Yes, it’s motorcycle season in Arabia: that glorious period between October and April when dry weather is almost guaranteed, and daytime temperatures are in the twenties Celsius. So why am I not riding?
Because Qatar.
Having landed a job last September, only now in February am I about to obtain my iqama – Residence Permit – without which it’s impossible to have a cheque account, purchase liquor or pork, or own a motor vehicle. I’ve been driving a rented car because there’s no functional public transportation system in Doha. I do look forward to the Metro, but this currently consists of several large holes in the ground where roads used to be and temporary traffic barriers to redirect traffic around the holes. The Karwa taxi service is a semi-functional lottery, whereby it’s easy to get a taxi from a shopping mall, but you’ll wait until the heat-death of the universe before you can hail a taxi in the industrial area.

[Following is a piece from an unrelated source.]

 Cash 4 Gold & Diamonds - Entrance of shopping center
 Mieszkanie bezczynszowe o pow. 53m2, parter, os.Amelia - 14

I was last on two wheels in October, since when I have removed the bike’s battery and the machine languishes in chains in Dubai. A sad situation indeed.

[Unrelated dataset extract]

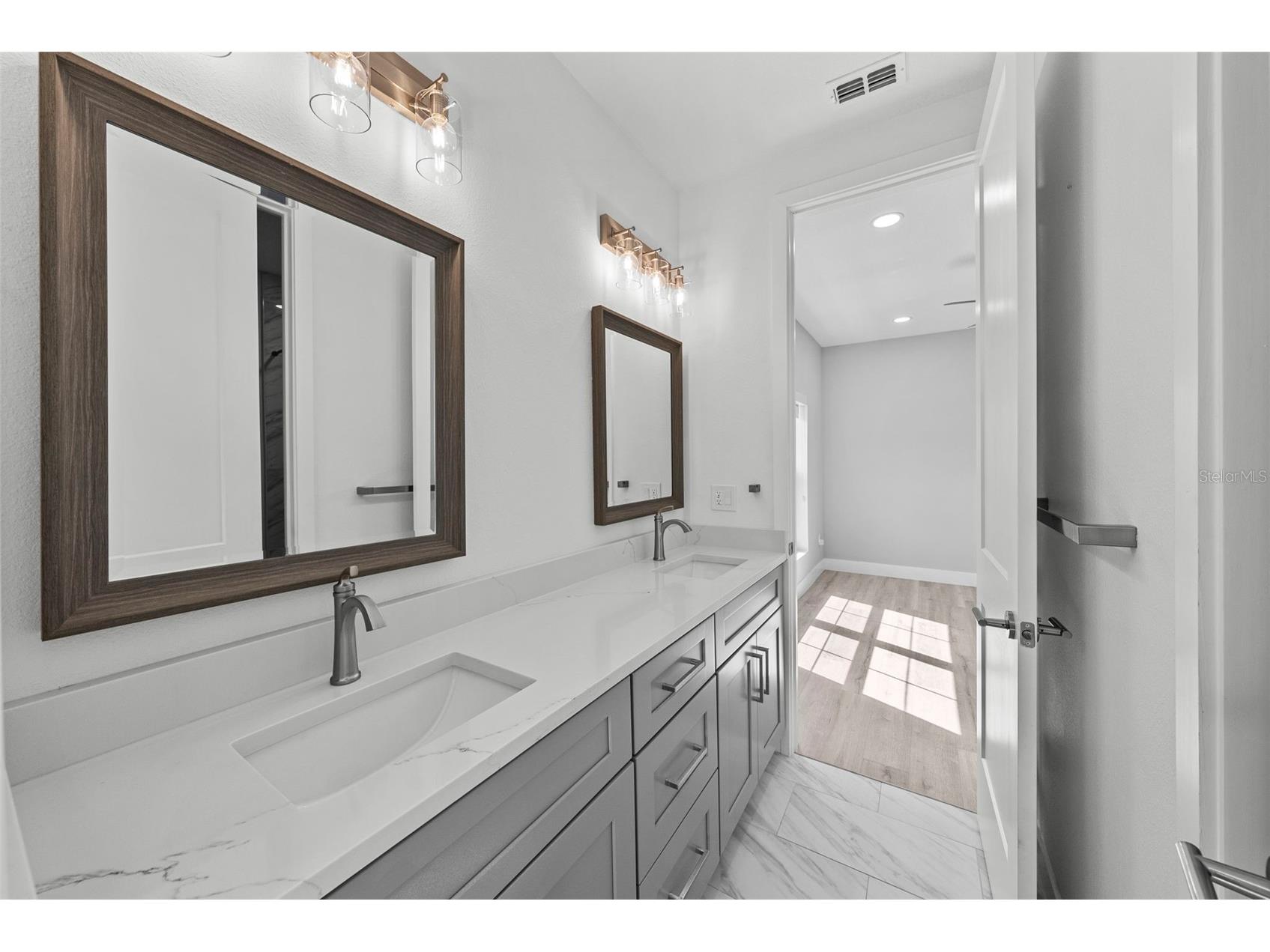 3202 W Arch Street Tampa FL 33607 TB8503632 image28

Once I have my Qatar residence, options become available, at least in theory.
- Obtain a Saudi transit visa, fly back to Dubai, and ride the bike overland to Qatar. Previous attempts to do this sort of thing have ended because I wasn’t resident in both the UAE and Qatar. The fatuous rule about not being allowed to import a vehicle that’s more than five years old will not apply because it isn’t an import. The bike would still be registered in Dubai. In principle this must be possible; I see vehicles in Qatar that are registered in Oman, Kuwait, Bahrain, and KSA. I don’t see why I can’t drive from Dubai to Doha in the same way as I can drive to Muscat (without a Sultanate of Oman residence), but this is ‘unbossible’ for the Saudi authorities to comprehend, it seems. Or else it’s my careless choice of passport.
- Do exactly the same thing as described above, but do it with my Terios. Here is the sensible ‘head’ option, as it would save close to QAR4000 a month on car rental, I’d have a 4x4, and when time comes to demobilise and go back to Dubai I could fling all my stuff in the back of the car and drive it. The fundamental disadvantage of this option is that it doesn’t solve my PMS.

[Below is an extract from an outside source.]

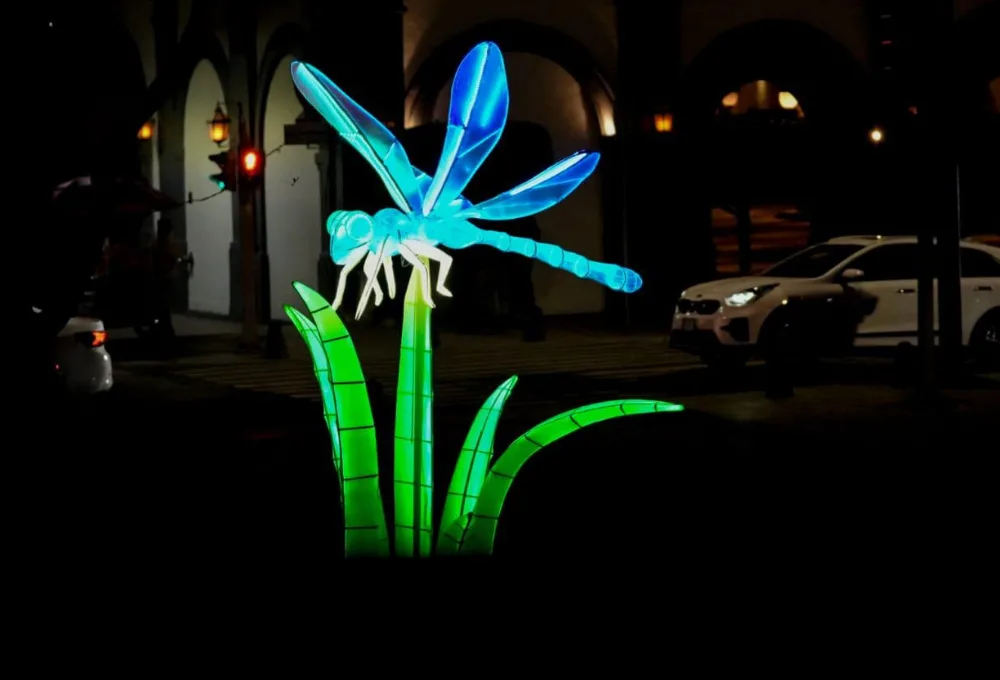 "Solo la Luz, Primavera" en Paseo de la Reforma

- Buy a bike. Continue to rent a car, but be self-indulgent in the Department of Large Motorbike. Here is the ‘heart’ option that would cost a fortune. I’d lose my shirt when demobilising from Qatar and selling this putative bike, or I could export it to UAE which would entail expense and heartache (as it did last time, in 2012) and I’d end up with a surfeit of motorcycles.
The option of selling my Kawasaki and looking into buying a bike once I know where I’m going to be long term doesn’t make economic sense given my current knowledge of where I’ll be after April. Or after August. Or at the end of 2015... I fundamentally don’t know how long I’m going to be in Qatar, and have even less of a clue as to where I’ll end up next. As the bike is over eight years old it’d almost certainly produce less than AED20k, and a new replacement is now the thick end of AED80k. All for a bike that to me is in perfect order and ready to ride. A used Kawasaki 1400GTR? In the UAE? I think I already own it.
What to do? I work six days a week most weeks except when I’m visiting Dubai, so there’s precious little time to get on a bike anyway. Last time I lived in Doha I used the traffic as an excuse to commute by motorcycle. This time I choose to live literally over the road from the office so the bike would get used only for social events and road trips across a country smaller than Connecticut. I guess that I can simply have motorcycle fantasies until my work in Qatar is done, try not to go insane, and hope that my next job won’t leave me in a semi-permanent state of ‘so near and yet so far.’